Performance Driver Models are used to analyse financial or customer (beneficiary) behaviour, looking for drivers in the organisation that will improve them.  Ideally, improving these divers will lead to improvement in outcomes. However, the focus is still more on measures and activity, rather than objectives and behaviours as in the more systematic Balanced Scorecard approach.

The intention of “Key Performance Indicators” is to focus the organisation on improving the performance of that single key measure.  They are often chosen from performance driver models.

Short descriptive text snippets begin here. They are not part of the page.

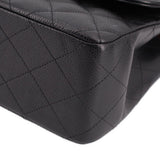 Black quilted leather corner with stitched diamond pattern on jumbo double flap bag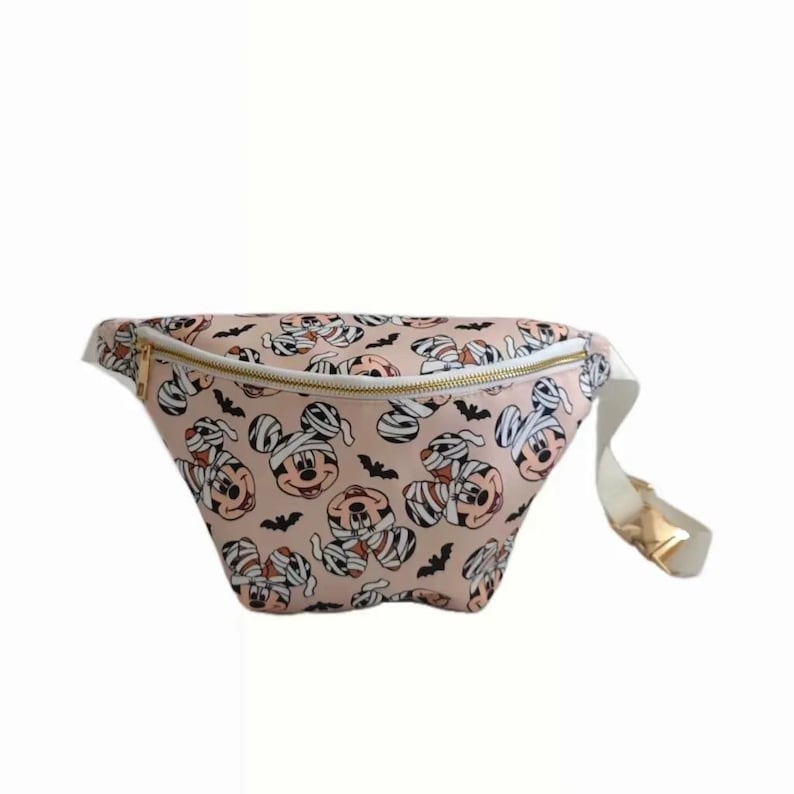 May include: A pink fanny pack with a white adjustable strap. The fanny pack has a gold zipper and a print of Mickey Mouse dressed as a mummy with bats.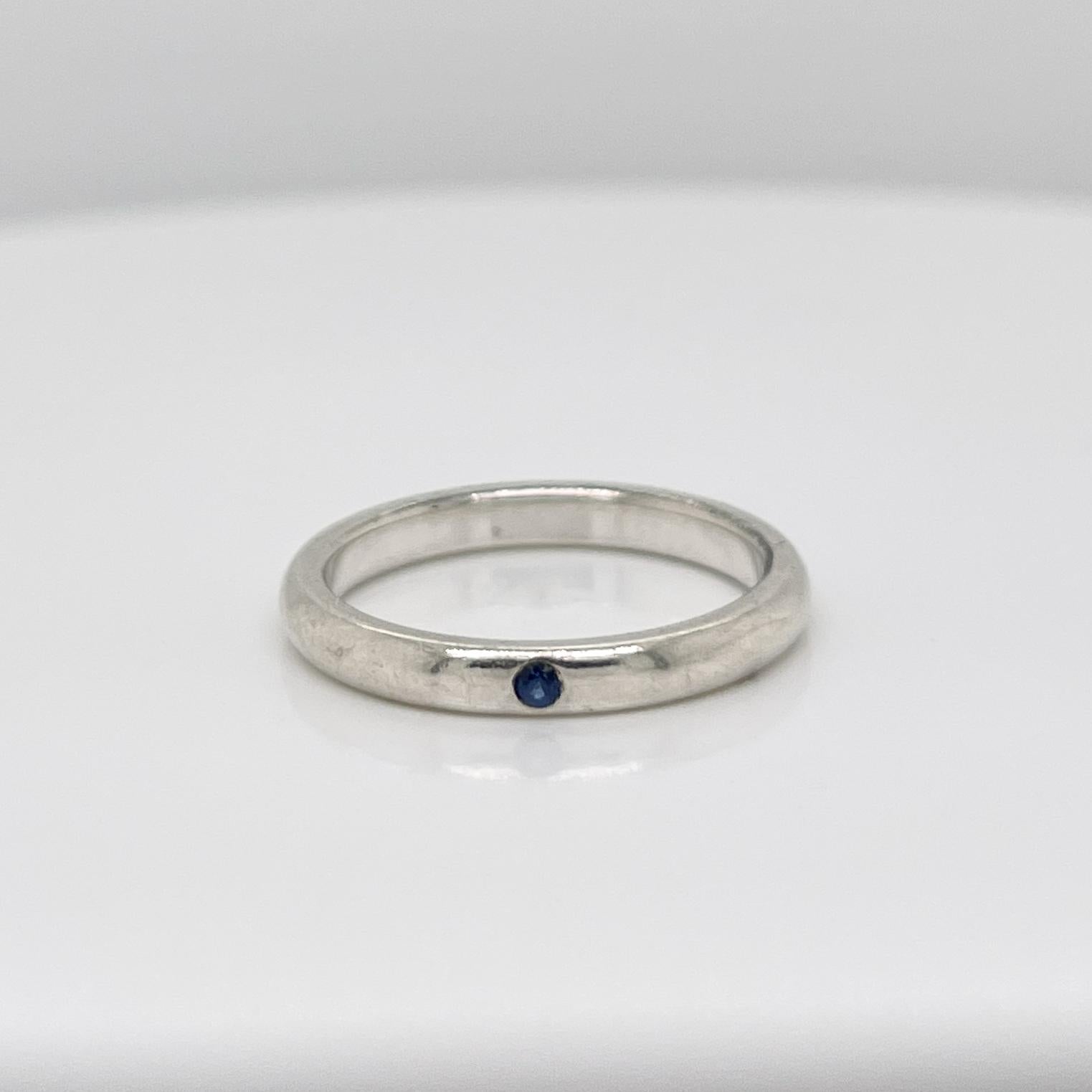 A very fine Tiffany & Co. sterling silver ring.	

By Elsa Peretti. 

Flush set with a round cut sapphire.

Perfect, Simple, Refined.

Date:
20th Century

Overall Condition:
It is in overall good, as-pictured, used estate condition with some very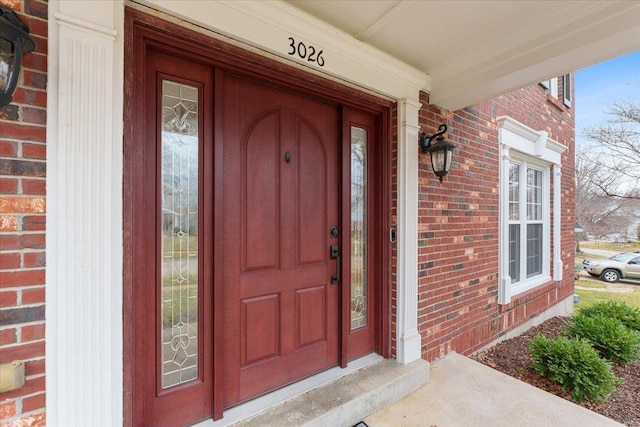 view of exterior entry with a porch and brick siding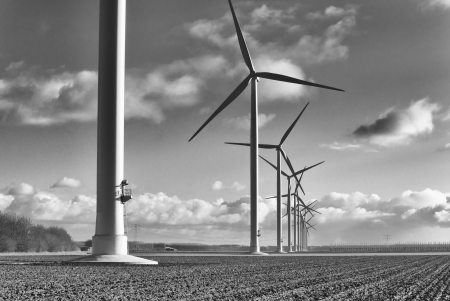 row of windmills in an agricultural landscape in the netherlandsの写真素材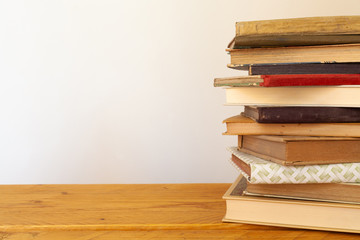 International book day, Sant Jordi, Literacy day. Old books on a wood surface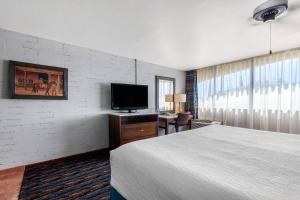 a hotel room with a bed and a flat screen tv at La Posada Lodge & Casitas, an Ascend Collection Hotel in Tucson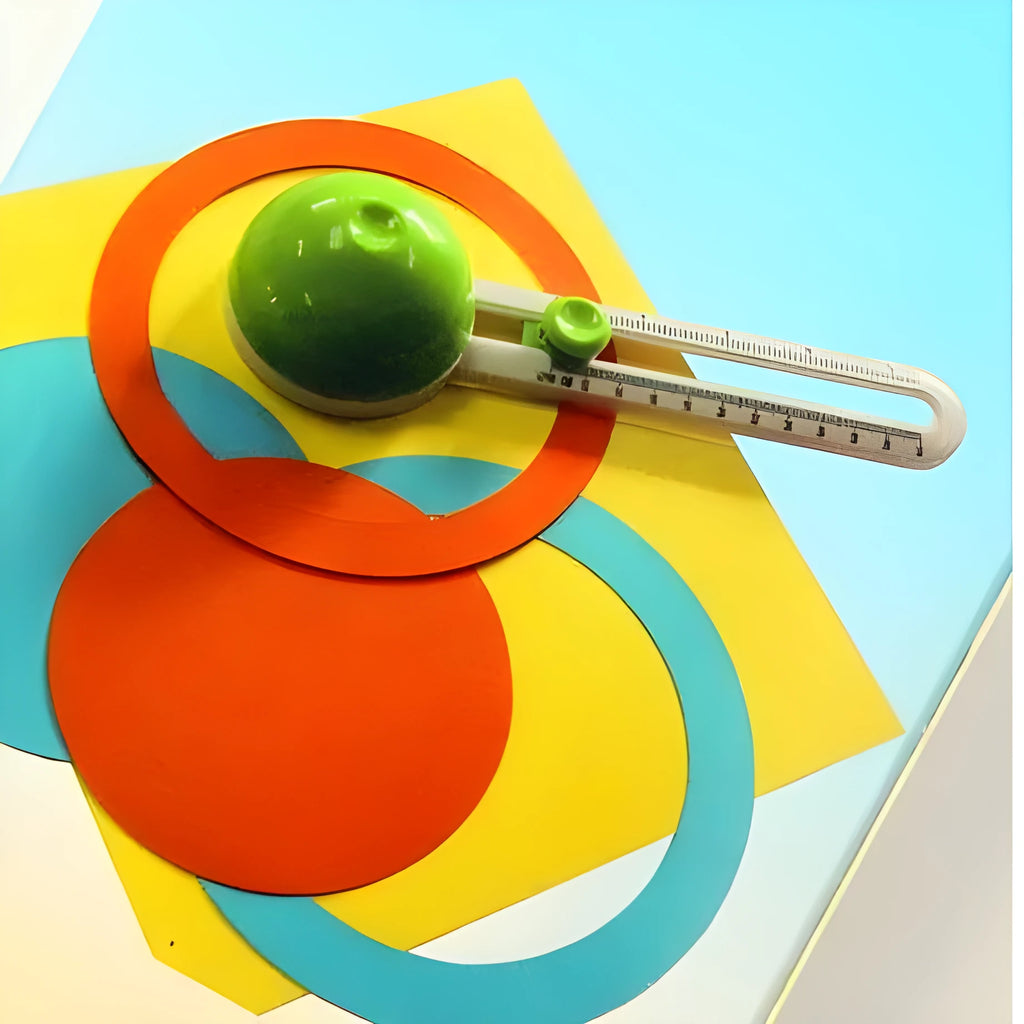 Plastic round paper cutter in orange or green colour on a colour box, showing A3 cutting size.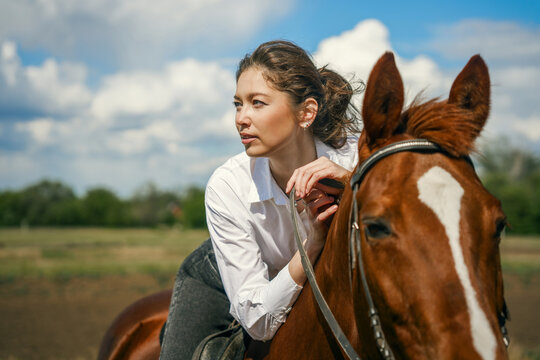 Woman on horse, looking away, sunny day, outdoor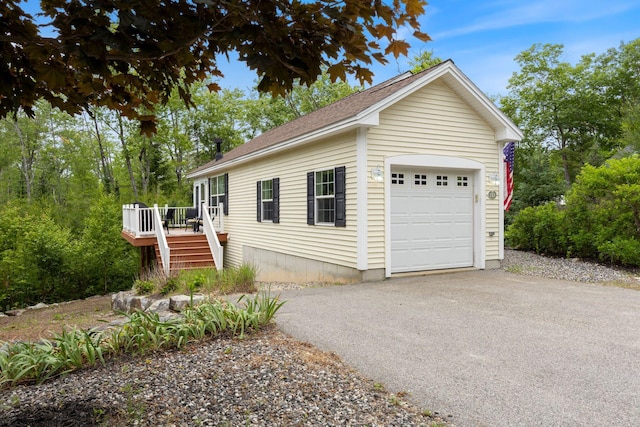 1313 Deer Run, Casco, ME 04015 - view of front of home with a wooden deck, a garage, driveway, and roof with shingles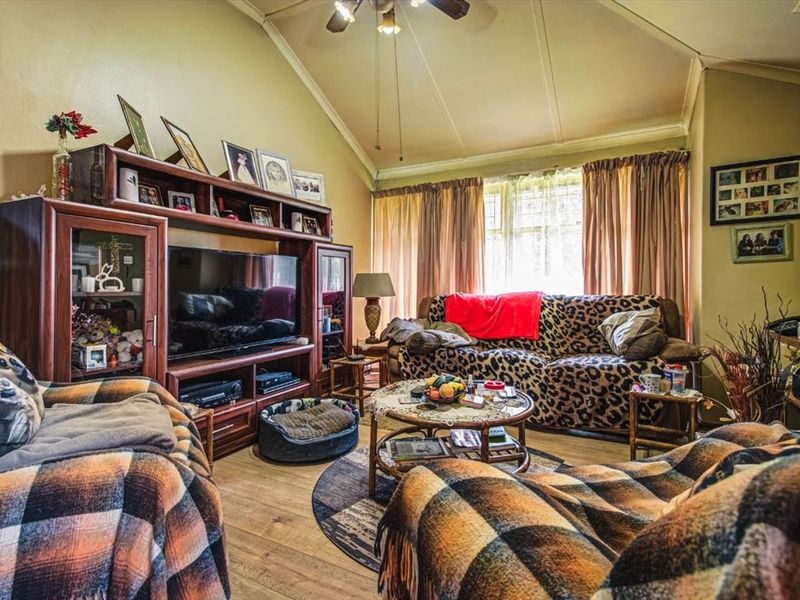 A cozy living room featuring a vaulted ceiling, ceiling fan, and laminate flooring, providing a comfortable and functional living space.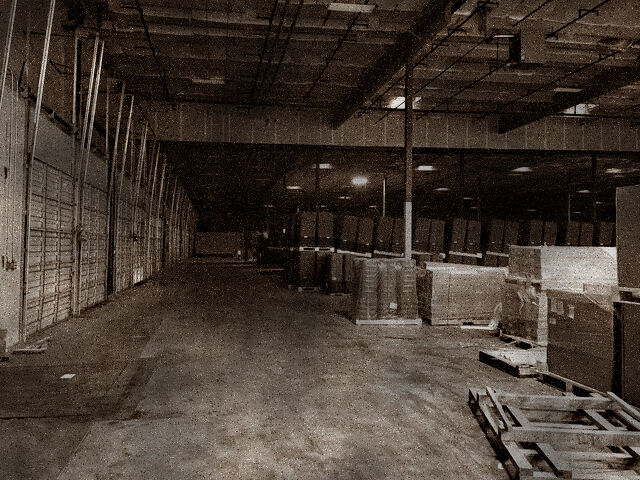 Backrooms Level 1 is a massive warehouse with concrete floors and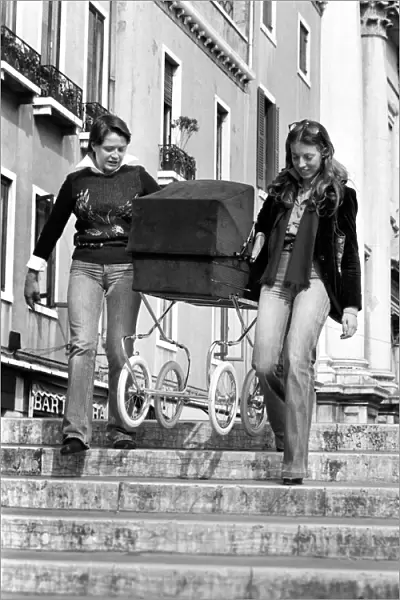 People: Culture: General scenes in Venice. A couple of young women carry a pram over one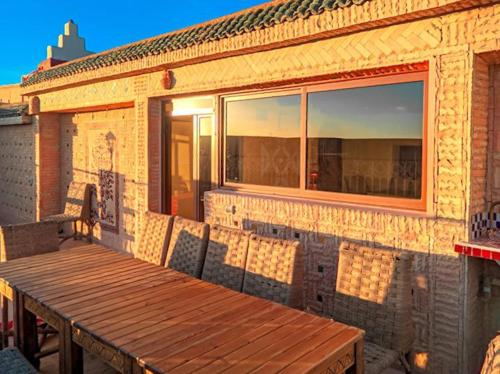 a wooden table on the side of a brick building at Kasbah Assafar in Kalaat MGouna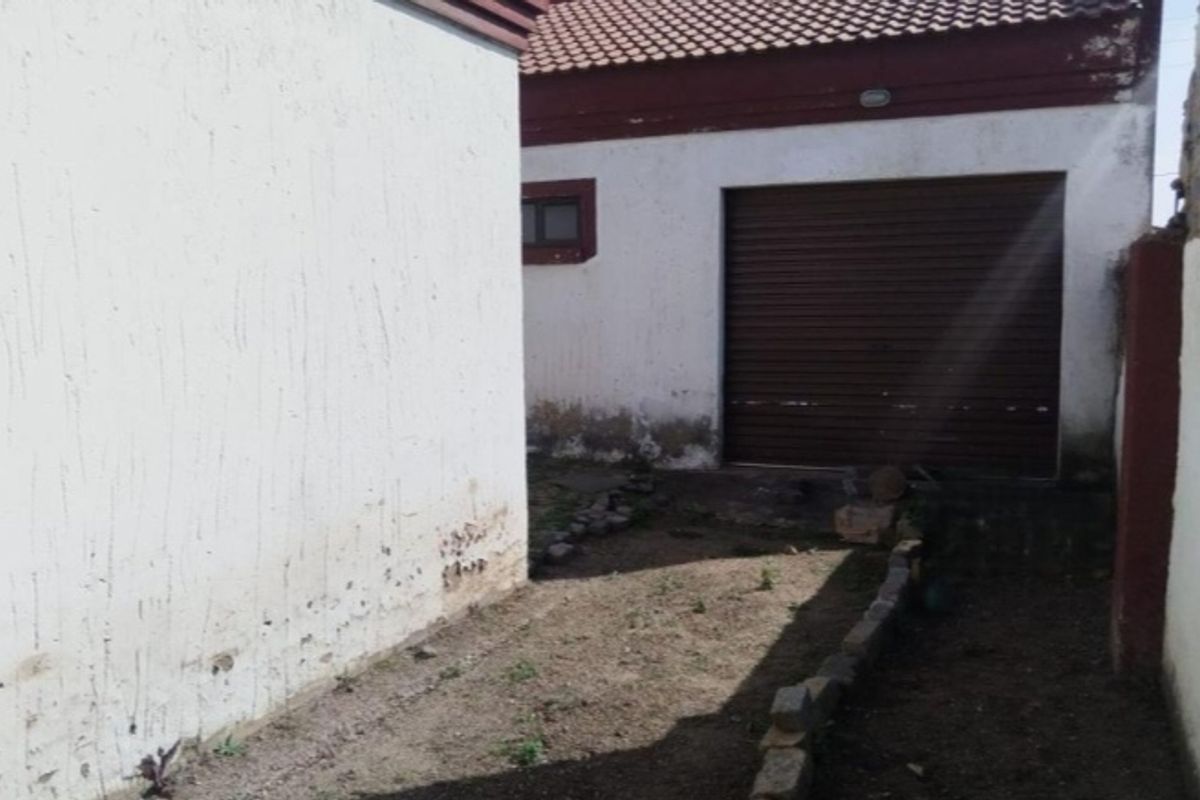 Rear exterior view showing a garage with a roller door and an unpaved yard area requiring maintenance and landscaping.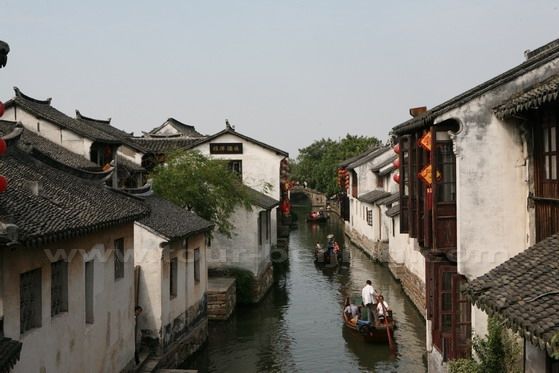 Overlooking the river sandwiched by the traditional houses from a bridge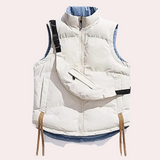 Bodywarmer in wit met afneembaar tasje, verstelbare trekkoorden en ademend materiaal. Warm, stijlvol en functioneel.
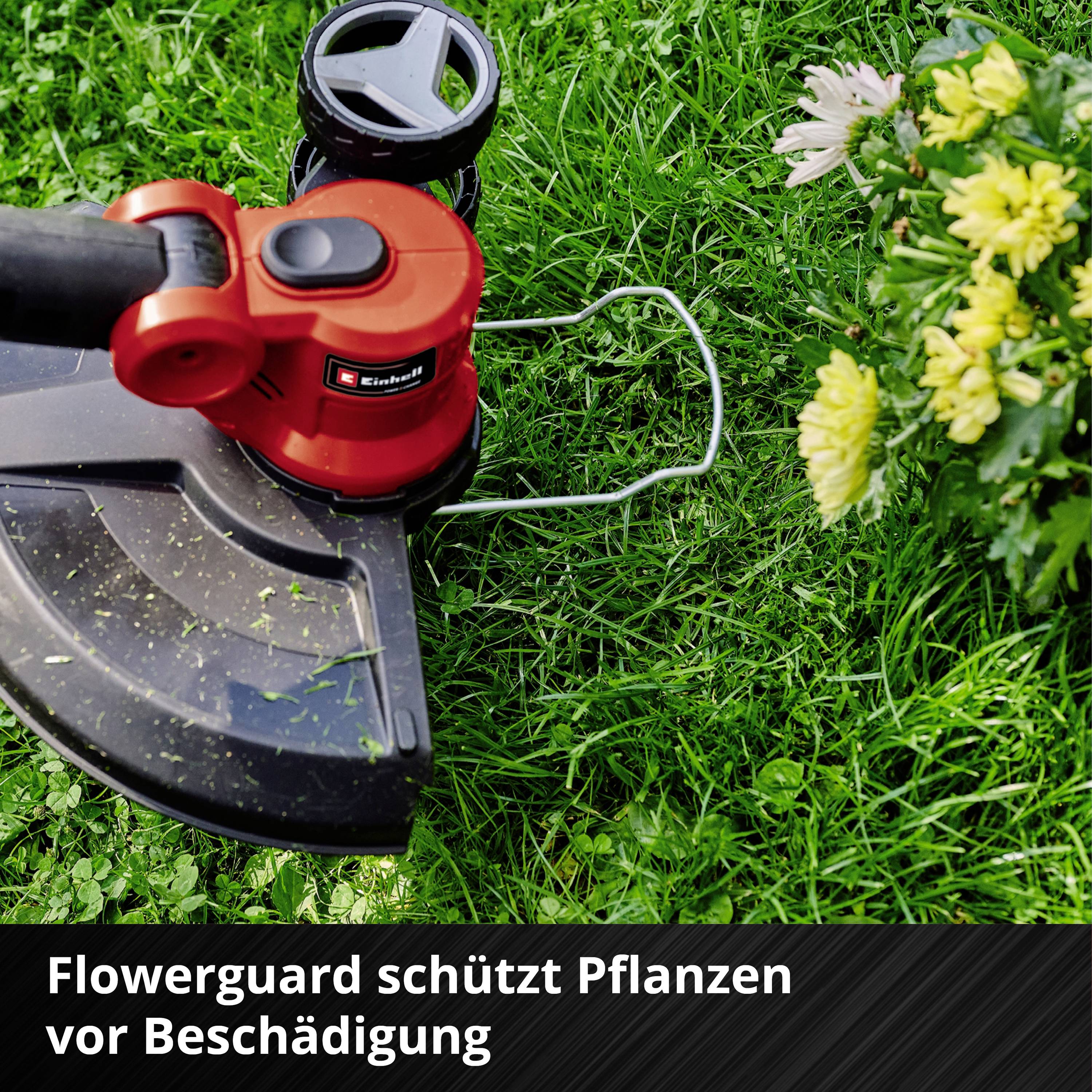 Ein Rasentrimmer mit 'Flowerguard' Schutz arbeitet in einem Garten, umgeben von grünem Gras und gelben Blumen.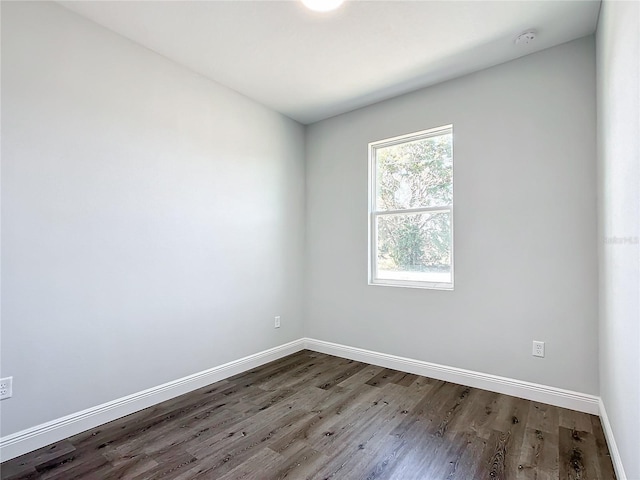 unfurnished room featuring baseboards and wood finished floors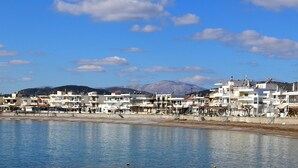 A coastal town with modern buildings, a beach, and mountains in the background.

Examples of these from the commercial world include airlines focusing on “flights leaving and arriving on time”, or hotels using “room occupancy”.   A charity might look at “Donor legacies”, “Lives touched” or “Administration expenses”.  This focus is intended to drive change and improvement that ultimately ripples through to the customers and finances.

This “second generation management thinking” often leads to second generation operational balanced scorecard applications that report both performance and the exceptions that need to be managed.   This thinking focuses attention and usually adds some value, producing some operational improvements.  However, the focus is still fundamentally operational and measure focused.  The tool is a blunt instrument of change and its impact is often limited.  Smarter executives realise these limitations and soon want something more strategic and effective at bringing about change.  They quickly realise that to achieve this they have to step beyond these simpler approaches.

They have to step up to the strategic management system and fourth generation balanced scorecard approach.